What Potential Tax Issues Should I Consider When Starting A Business?

Before starting a business, it is important to consider and plan for a variety of tax-related issues. Initially, the type of entity that you select for your business will affect the business’s tax liability. The main business forms are sole proprietorships, partnerships, corporations and limited liability companies (LLC). These business forms are treated differently for tax purposes.

It is important to consider the potential taxes for which your new business may be responsible. In addition to income taxes, your new business may be subject to a variety of other taxes such as employment tax, payroll tax, capital gains tax, excise tax, sales tax, property tax and estate tax. Before starting a business it is important to consider how these other taxes will affect your business.

Another issue for a new business to consider is which accounting method it will use. If the business follows the cash method, it will report income the year it receives it and deduct expenses in the tax year the business pays them. Under the accrual method, the business will report income in the tax year it is earned, whether or not payment is received, and will deduct expenses in the tax year they are incurred no matter when they are paid.

The business must also determine what tax year it will follow. Taxable income must be calculated on the basis of a tax year, which can be either a calendar year (12 consecutive months starting January 1 and ending December 31) or a fiscal year (12 consecutive months ending on the last day of any month except December).

The business must also decide which records to keep and for how long. There are a variety of business records that should be kept for tax purposes. First, the business should keep gross receipts and documents that show its income such as invoices, receipt books, cash register tapes, bank deposit slips and credit card transaction records. Second, the business should retain documents reflecting purchases, which are things the business buys and resells to customers, including raw materials used to make things. Such documents should show the amount paid and include invoices, cancelled checks and credit card statements. Third, the business should keep documents showing its expenses, which are the costs incurred to run the business, including canceled checks, account statements, credit cards, invoices and petty cash slips. The business should also keep employment tax records and documentation relating to assets the company holds. Finally, the company should retain documents that substantiate travel, gift and entertainment expenses that are business related and for which the business claims a deduction.

Another issue for you to consider as you start a new business is how to minimize the business’s tax liability. One way to reduce your business’s tax obligation is to maximize its deductions. There are several tax deductions available to businesses, including a deduction for all business expenses that are ordinary, necessary and reasonable.
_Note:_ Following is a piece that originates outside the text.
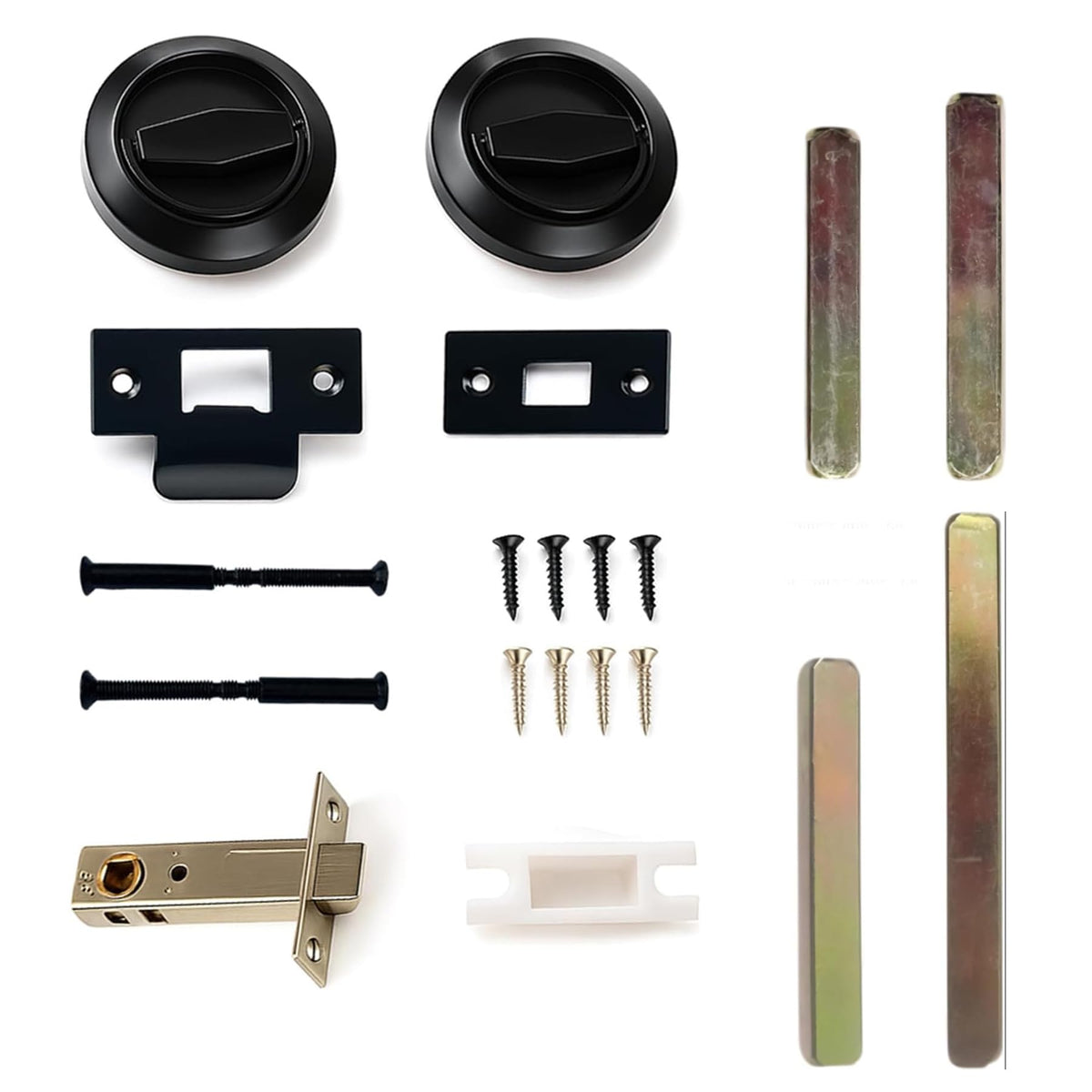 Dixiao flat door knob, low-profile assembly for clean aesthetics.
Under section 162 of the Internal Revenue Code, several types of trade or business expenses are generally deductible, including reasonable office expenses and supplies, business travel expense such as airfare, car rental and hotel costs, business-related meals and entertainment expenses, legal and professional services and car expenses for driving done for business purposes.

If you plan to run your business from your home, there are additional tax implications to consider. You may be able to claim a home office deduction for expenses related to the portion of mortgage interest, property taxes, rent, utilities, insurance, repairs and depreciation attributable to your business. Generally, a person is entitled to the home office deduction if the home office is used regularly and exclusively as the principal place of business or as a place to meet customers or clients in the ordinary course of business. If you have a separate structure on your property that is not attached to your home, such as a free-standing garage that you converted to an office, you may deduct business expenses related to it as well.